Source code for doxysphinx.utils.files

# =====================================================================================
#  C O P Y R I G H T
# -------------------------------------------------------------------------------------
#  Copyright (c) 2023 by Robert Bosch GmbH. All rights reserved.
#
#  Author(s):
#  - Markus Braun, :em engineering methods AG (contracted by Robert Bosch GmbH)
# =====================================================================================
"""The files module contains several file related helper functions."""

import hashlib
import os
import shutil
from pathlib import Path
from typing import Iterable, List, Optional, Tuple

from .exceptions import ValidationError



[docs]
def write_file(file: Path, data: Iterable[str], separator: Optional[str] = None):
    r"""
    Write an array of lines to a file in one call.

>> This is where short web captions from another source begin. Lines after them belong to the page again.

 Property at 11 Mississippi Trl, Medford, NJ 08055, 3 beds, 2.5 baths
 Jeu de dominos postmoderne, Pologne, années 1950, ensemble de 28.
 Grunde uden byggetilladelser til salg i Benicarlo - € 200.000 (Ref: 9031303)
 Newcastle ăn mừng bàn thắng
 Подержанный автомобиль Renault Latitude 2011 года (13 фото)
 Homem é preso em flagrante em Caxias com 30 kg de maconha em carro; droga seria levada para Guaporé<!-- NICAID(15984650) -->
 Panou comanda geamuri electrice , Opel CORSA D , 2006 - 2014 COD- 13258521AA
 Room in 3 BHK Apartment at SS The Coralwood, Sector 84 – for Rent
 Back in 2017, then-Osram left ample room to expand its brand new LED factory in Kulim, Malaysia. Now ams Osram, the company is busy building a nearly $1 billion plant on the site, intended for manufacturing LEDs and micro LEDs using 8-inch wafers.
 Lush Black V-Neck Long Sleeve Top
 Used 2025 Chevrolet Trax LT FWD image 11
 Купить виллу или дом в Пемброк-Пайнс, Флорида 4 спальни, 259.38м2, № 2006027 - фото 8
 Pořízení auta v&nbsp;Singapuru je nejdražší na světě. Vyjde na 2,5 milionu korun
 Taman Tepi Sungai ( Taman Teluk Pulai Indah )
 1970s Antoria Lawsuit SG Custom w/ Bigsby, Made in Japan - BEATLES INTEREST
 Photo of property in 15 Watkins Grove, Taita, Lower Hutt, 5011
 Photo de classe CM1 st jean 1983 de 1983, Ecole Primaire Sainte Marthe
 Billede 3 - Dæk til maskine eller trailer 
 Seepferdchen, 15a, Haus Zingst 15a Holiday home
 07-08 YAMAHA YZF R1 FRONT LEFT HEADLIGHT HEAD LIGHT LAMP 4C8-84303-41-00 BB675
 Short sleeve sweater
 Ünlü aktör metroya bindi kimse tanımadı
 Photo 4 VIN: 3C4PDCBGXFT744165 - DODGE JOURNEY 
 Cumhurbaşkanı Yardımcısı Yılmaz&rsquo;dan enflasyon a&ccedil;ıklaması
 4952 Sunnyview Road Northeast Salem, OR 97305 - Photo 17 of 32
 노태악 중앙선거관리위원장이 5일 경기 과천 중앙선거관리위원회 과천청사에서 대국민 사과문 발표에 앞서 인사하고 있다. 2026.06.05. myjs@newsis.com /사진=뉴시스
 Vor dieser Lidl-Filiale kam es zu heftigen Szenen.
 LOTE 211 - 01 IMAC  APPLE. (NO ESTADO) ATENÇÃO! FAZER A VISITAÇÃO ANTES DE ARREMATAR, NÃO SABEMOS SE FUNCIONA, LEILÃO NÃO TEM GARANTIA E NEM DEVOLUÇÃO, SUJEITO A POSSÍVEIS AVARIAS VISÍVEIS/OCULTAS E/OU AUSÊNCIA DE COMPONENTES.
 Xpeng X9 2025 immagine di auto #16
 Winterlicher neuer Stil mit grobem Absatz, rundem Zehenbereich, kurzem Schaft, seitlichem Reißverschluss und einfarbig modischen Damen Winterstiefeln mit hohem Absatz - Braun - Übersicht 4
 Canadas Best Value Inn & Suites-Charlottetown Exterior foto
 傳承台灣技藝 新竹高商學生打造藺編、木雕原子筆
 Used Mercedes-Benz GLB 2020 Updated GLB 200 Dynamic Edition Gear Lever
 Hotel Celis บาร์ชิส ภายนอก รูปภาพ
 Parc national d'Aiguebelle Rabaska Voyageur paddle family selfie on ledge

    :param file: The path to the file.
    :param data: An array of lines to write to the file.
    :param separator: The line separator. Defaults to os.linesep = autodetect for current os.
        If you want to force a unix "lf" file use '\n',
        if you want to force a windows "crlf" file use '\r\n'., defaults to None
    """
    if not separator:
        separator = os.linesep

    with open(file, "wb") as file_handler:
        for item in data:
            file_handler.write(f"{item}{separator}".encode("utf-8"))




[docs]
def replace_in_file(file: Path, search: str, replacement: str):
    """
    Replace a text in a file.

    :param file: The file to do the replacement in.
    :param search: The text to search inside the file.
    :param replacement: The replacement text.
    """
    multi_replace_in_file(file, (search, replacement))




[docs]
def multi_replace_in_file(file: Path, *search_replace_pair: Tuple[str, str]):
    """
    Replace text inside a file. Supports multiple replacements.

    :param file: The file to do the replacement in.
    :param search_replace_pair: an argument list of search and replacement text pairs.
    """
    content = file.read_text(encoding="utf-8")
    for search, replacement in search_replace_pair:
        content = content.replace(search, replacement)
    file.write_text(content, encoding="utf-8")




[docs]
def multi_glob(directory: Path, *patterns: str) -> List[Path]:
    """
    Evaluate multiple glob patterns at once.

    :param directory: The source directory (where to evaluate the glob pattern)
    :param patterns: The glob patterns as list or multi-arguments
    :returns: The list of found files/directories
    """
    return [path for p in patterns for path in directory.glob(p)]



class _FileByNameAndSize:
    """
    Implementation Detail.

    A Path Wrapper that implements its identity via name and size only
    (for Set functions like difference).
    """

    def __init__(self, path: Path):
        self.name = path.name
        self.size = path.stat().st_size
        self.path = path

    def __hash__(self) -> int:
        return hash((self.name, self.size))

    def __eq__(self, other) -> bool:
        return self.__hash__() == other.__hash__()

    def __repr__(self) -> str:
        return f"{self.path.__repr__()} [{self.size}]"



[docs]
def copy_if_different(
    source_dir: Path, target_dir: Path, *patterns: str, ignore_files: Optional[List[Path]] = None
) -> List[Path]:
    """
     Copy files with given glob patterns from source_dir to target_dir but only if the files are different.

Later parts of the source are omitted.